Founder & Teacher, Desiring God

Audio Transcript

It’s not a comfortable subject, but it is essential that we understand sin — how it works, what it does to us, and how the gospel heals us from its damage. In his first message at the 2015 Pastors Conference, John Piper offered a brief survey of sin from the book of Romans. We jump into the message in the following clip, as Pastor John addresses Romans 1:18.

Romans 1:18 says, “The wrath of God is revealed from heaven against all ungodliness and unrighteousness of men, who by their unrighteousness suppress the truth.” So here mankind in general is described as ungodly and unrighteousness. First John 5:17 says, “All wrongdoing [unrighteousness] is sin.”

Under Cover of Darkness

So we know what we are dealing with here: “all ungodliness and unrighteousness of men, who by their unrighteousness suppress the truth.” Our ungodliness and unrighteousness incline us to suppress truth. We repel the light. We run into darkness. Jesus said in John 3 that we are guilty sinners, not because we are victims of darkness, but lovers of darkness. “The light has come into the world, and people loved the darkness rather than the light” (John 3:19). So right off the bat I am getting the feeling that deep down in me these issues are love issues. I love the dark. I can suppress the truth so much more easily in the dark. And that is what sin does. It suppresses truth.

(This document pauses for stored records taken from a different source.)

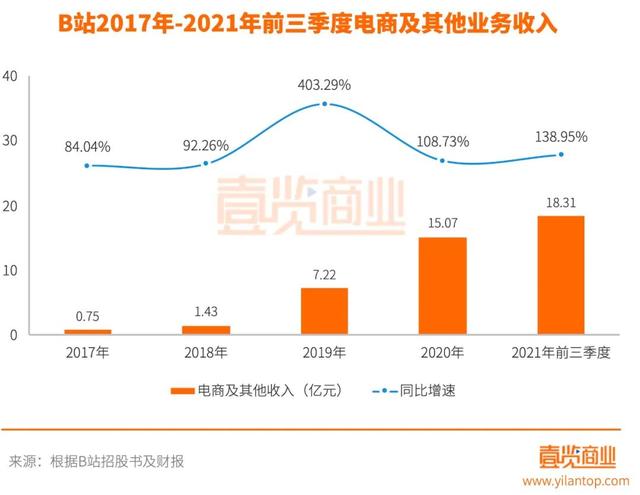 b站如何賺取收益，b站視頻怎么賺錢的？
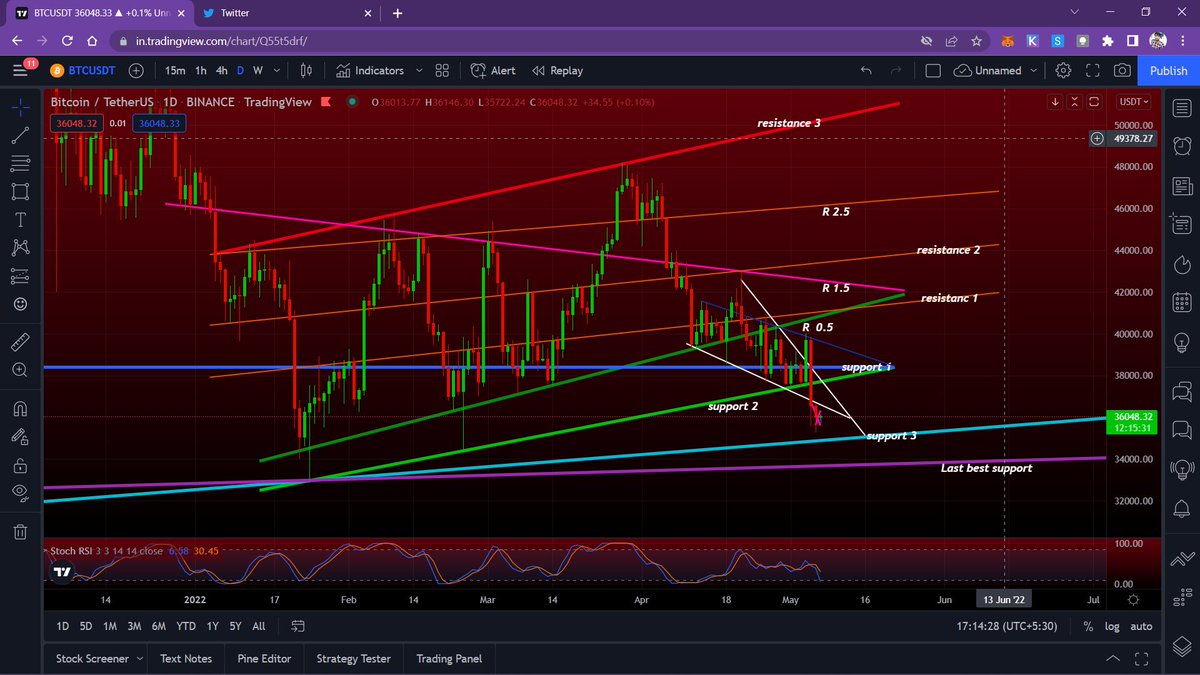 PlanBull's tweet image. .@Linera_io #microchains good @uwre @mlalangate @TrickyDao @TrackTwood @CPMumbaiPolice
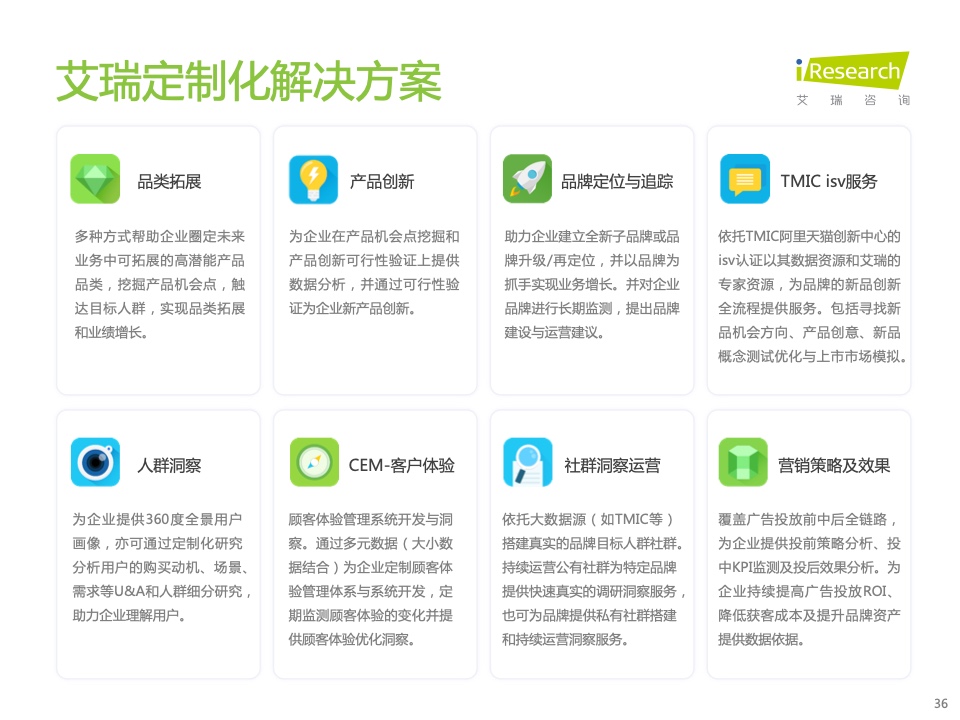 新浪新聞生態(tài)聚勢營銷價值研究報告(圖36)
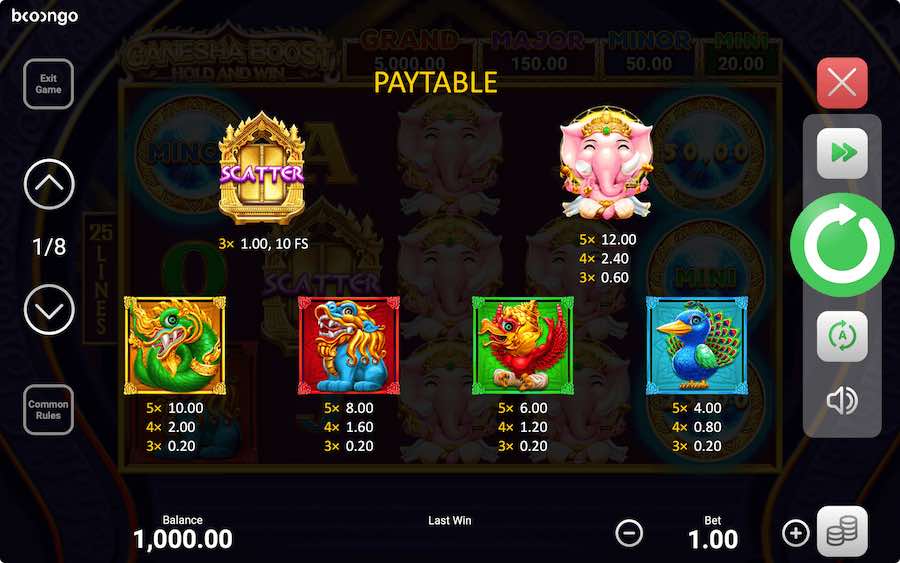 Paytable For Ganesha Boost Hold And Win Slot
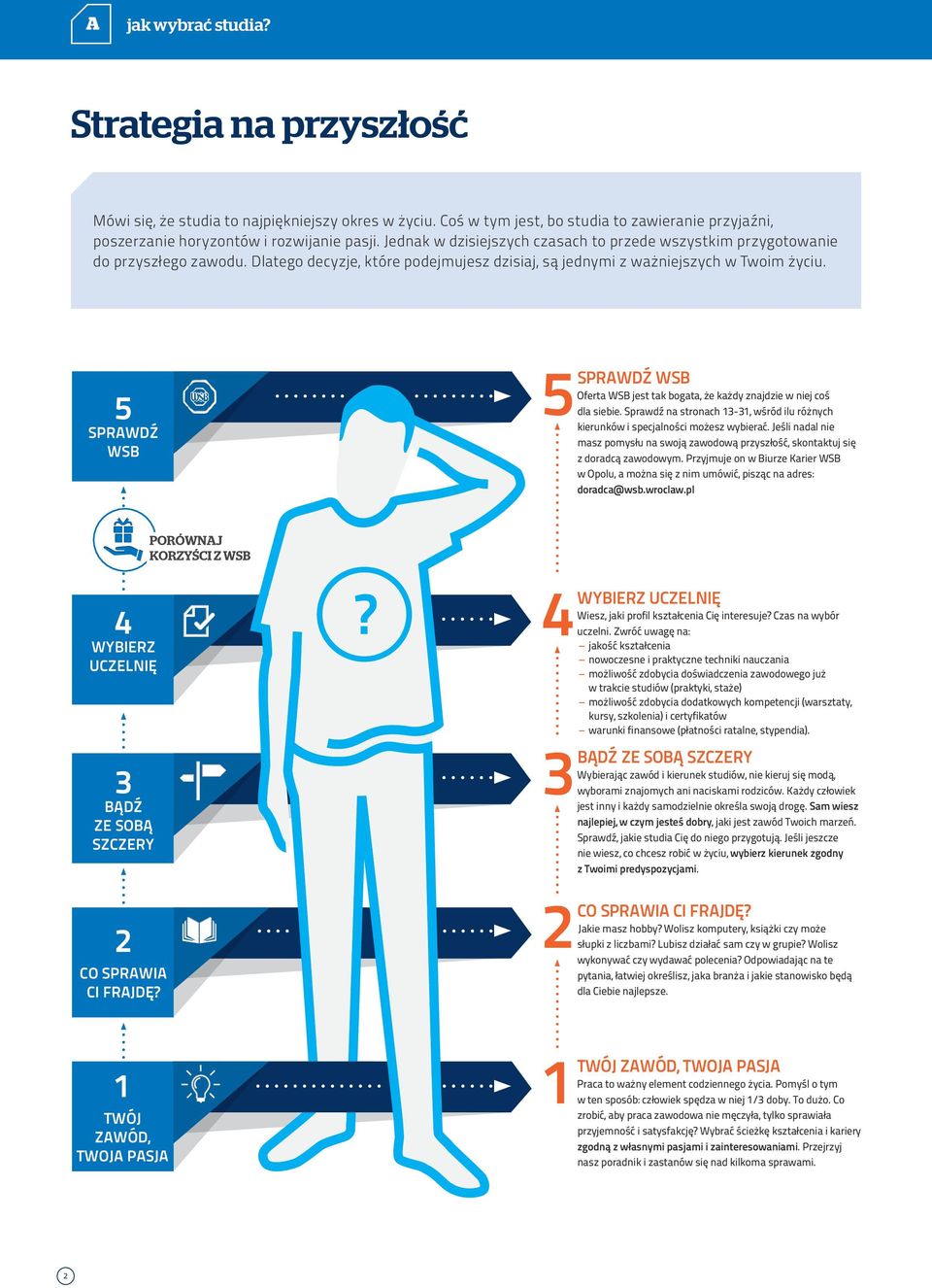 5 SPRAWDŹ WSB 5SPRAWDŹ WSB Oferta WSB jest tak bogata, że każdy znajdzie w niej coś dla siebie. Sprawdź na stronach 13-31, wśród ilu różnych kierunków i specjalności możesz wybierać.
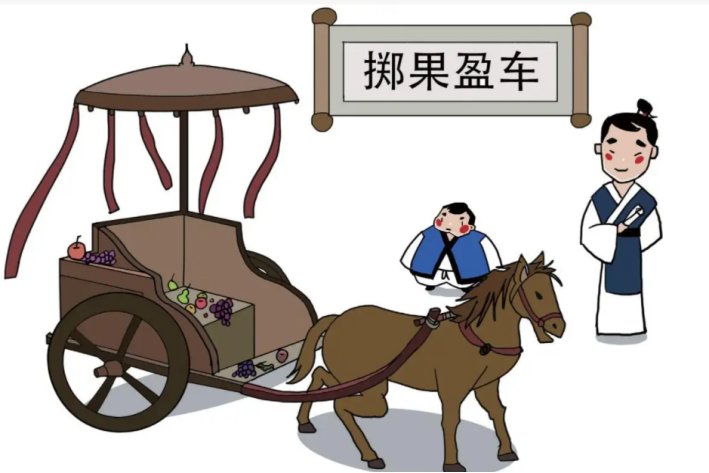 掷果潘安是什么意思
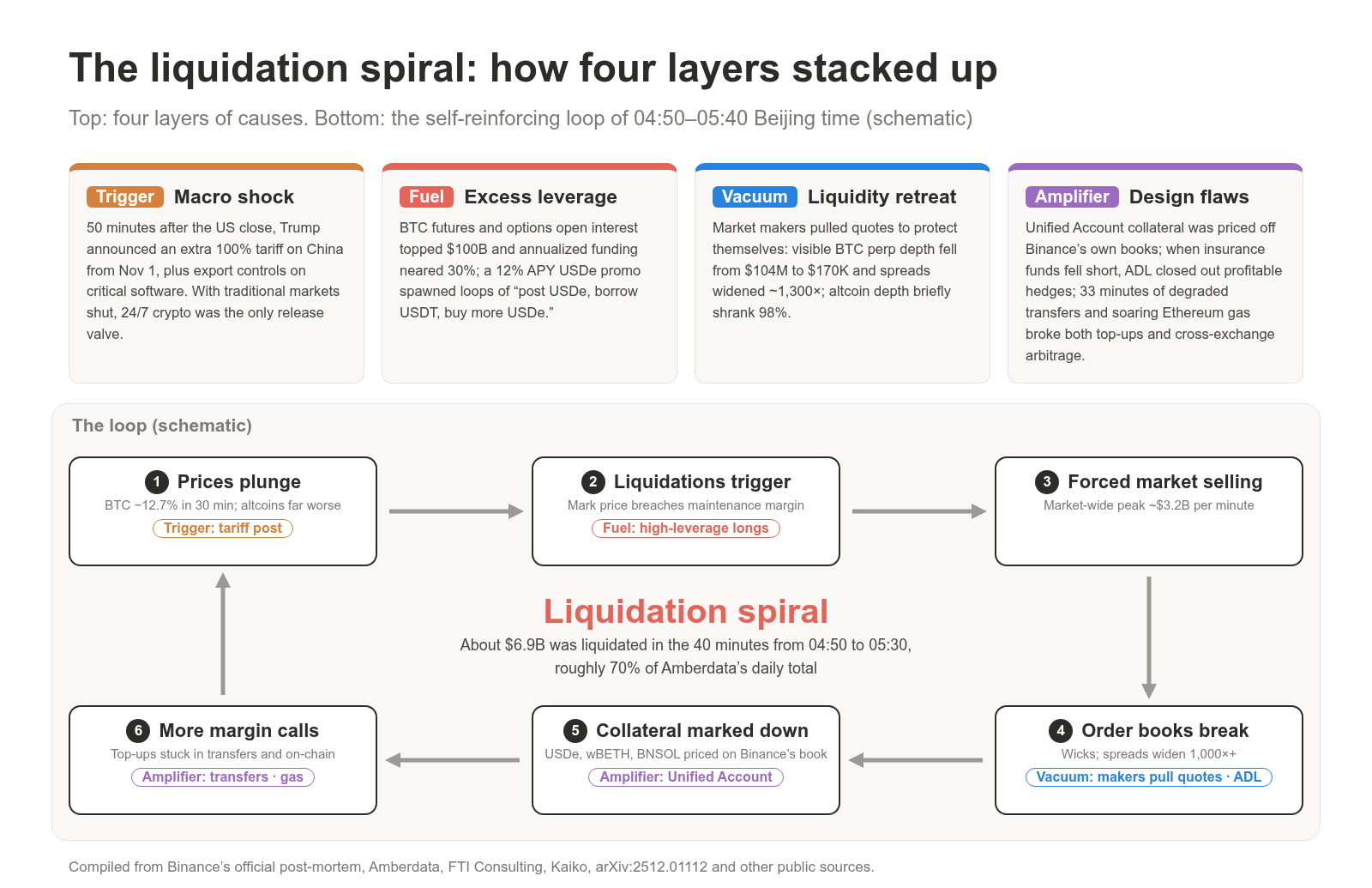 The four layers behind the 10/10 liquidation spiral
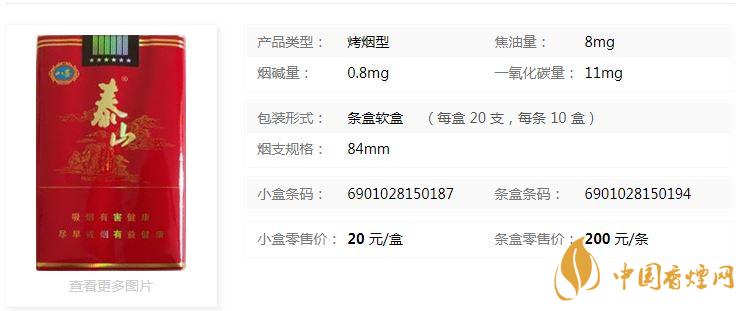 泰山八喜軟紅多少錢？泰山八喜軟紅價(jià)格及參數(shù)一覽2020
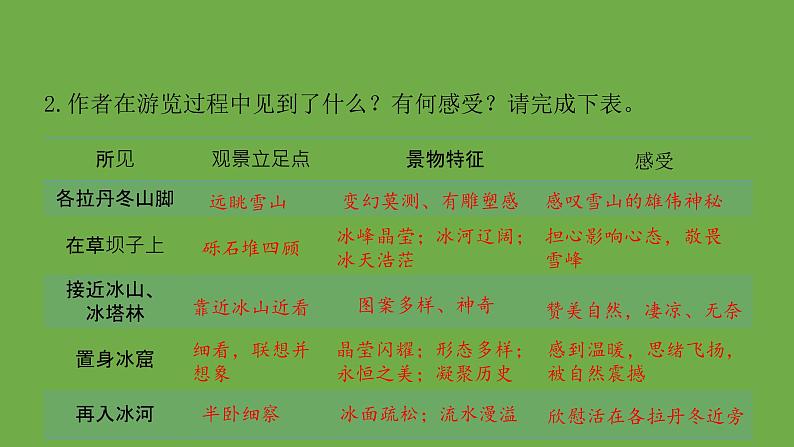 八年级语文下册《在长江源头各拉丹冬》优质课创新课件第8页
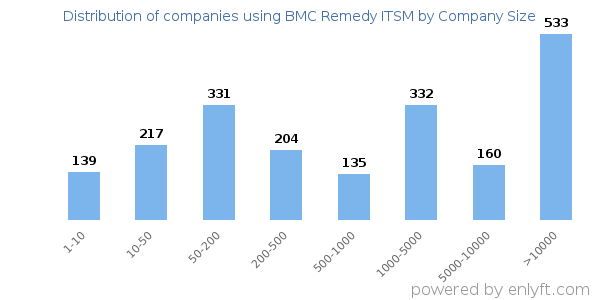 Companies using BMC Remedy ITSM, by size (number of employees)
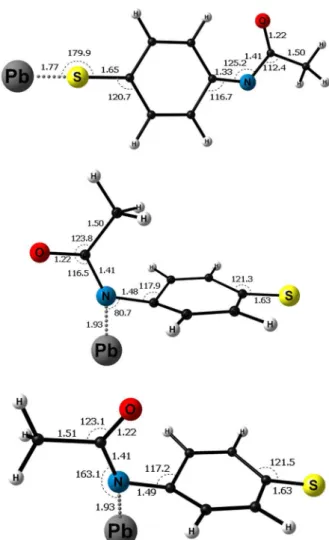 Figure 3 shows the top and side view of optimized GO  at PM6 level of theory. The presence of oxygen atoms  in GO structure leads to basal shape of the GO sheet in  comparison to pristine graphene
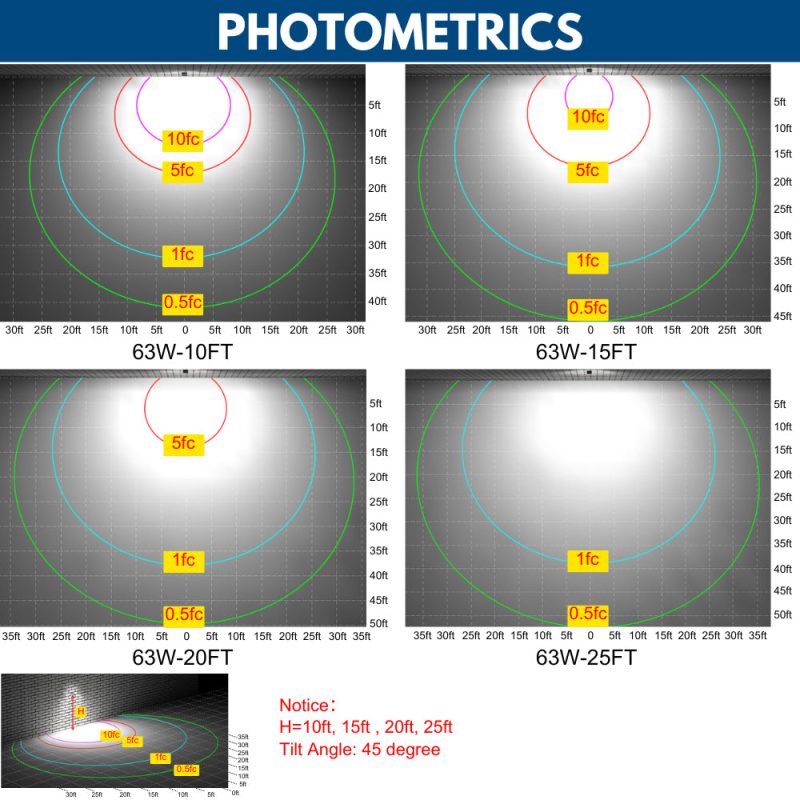 KNV108MCPLV77TR Photometrics 63W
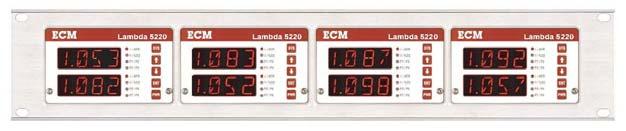 ECM Advantage Versatility Suitable for dynamometer and in-vehicle use Modular. Easily build multi-channel systems. Widest measurement range. Fastest response.
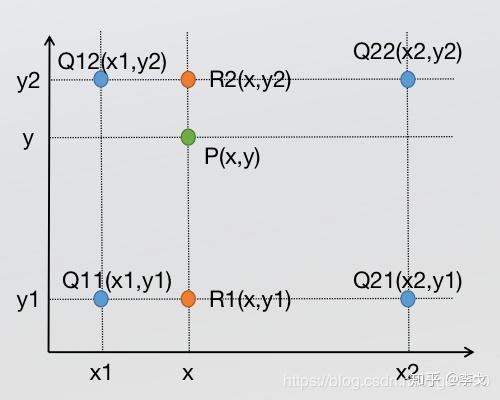 学无疑物上采样之双线性插值法详解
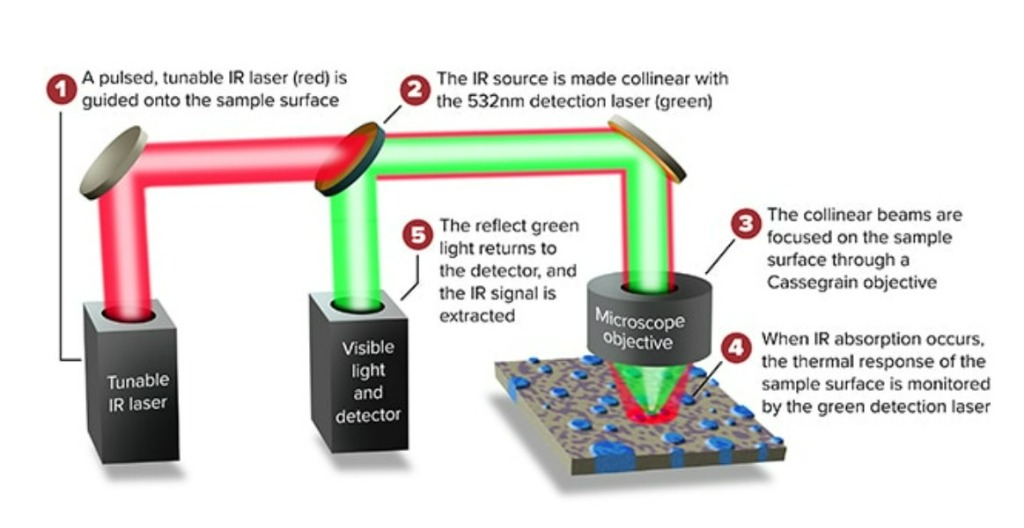 O-PTIR Schematic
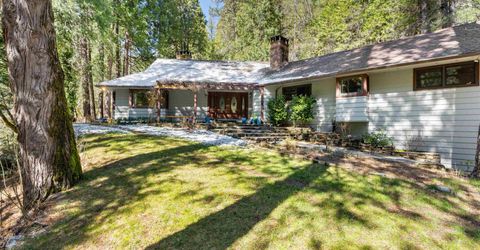 21791 Highway 49, Downieville, CA 95936 Photo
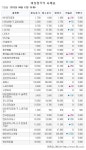 [장외주식시황] 현대엔지니어링, 사흘연속 하락세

What truth does it specialize in suppressing? Look at verse 19: “For what can be known about God is plain to them, because God has shown it to them.” Knowledge of God is the truth that sin wants to suppress. “So they are without excuse” (Romans 1:20). Why? “For although they knew God, they did not honor him as God or give thanks to him” (Romans 1:21).

So the root of why we suppress the truth is that we don’t want to glorify or thank God. And the truth is always testifying to his glory and his beneficence, and so it has to be squished down, put out of our mind, lest we feel guilty about not glorifying and thanking him. We don’t want to do it, because we are sinners. And sin doesn’t thank God. Sin doesn’t glorify God. Sin loves darkness, which conceals the glory of God and the beneficence of God.

Exchanged for a Screen

Sin is not just a hater of the light and of the knowledge of God, desiring to suppress it. Sin is a lover. When the hated truth is suppressed, the loved lie is embraced. Verses 22–23 continue, speaking of those who suppress the truth and who have darkened hearts: “Claiming to be wise, they became fools, and exchanged the glory of the immortal God for images.” They don’t just bury truth. They embrace alternative lovers.

There is no vacuum in the human heart ever. When the real God is rejected, images are embraced: they “exchanged the glory of God for images.” Sin hates the true God and sin loves God-substituting images. And we, more than any culture in the history of the world, live in an age of images. We spend almost all our leisure time looking at images. It’s quite irrelevant, I think, for Paul, that those images were stone or wood alongside of an Athenian road, and ours are on our phone or television or computer; that’s irrelevant. The issue is substitution: we exchange the infinitely valuable glory of God for the glory of that show of images coming off the screen.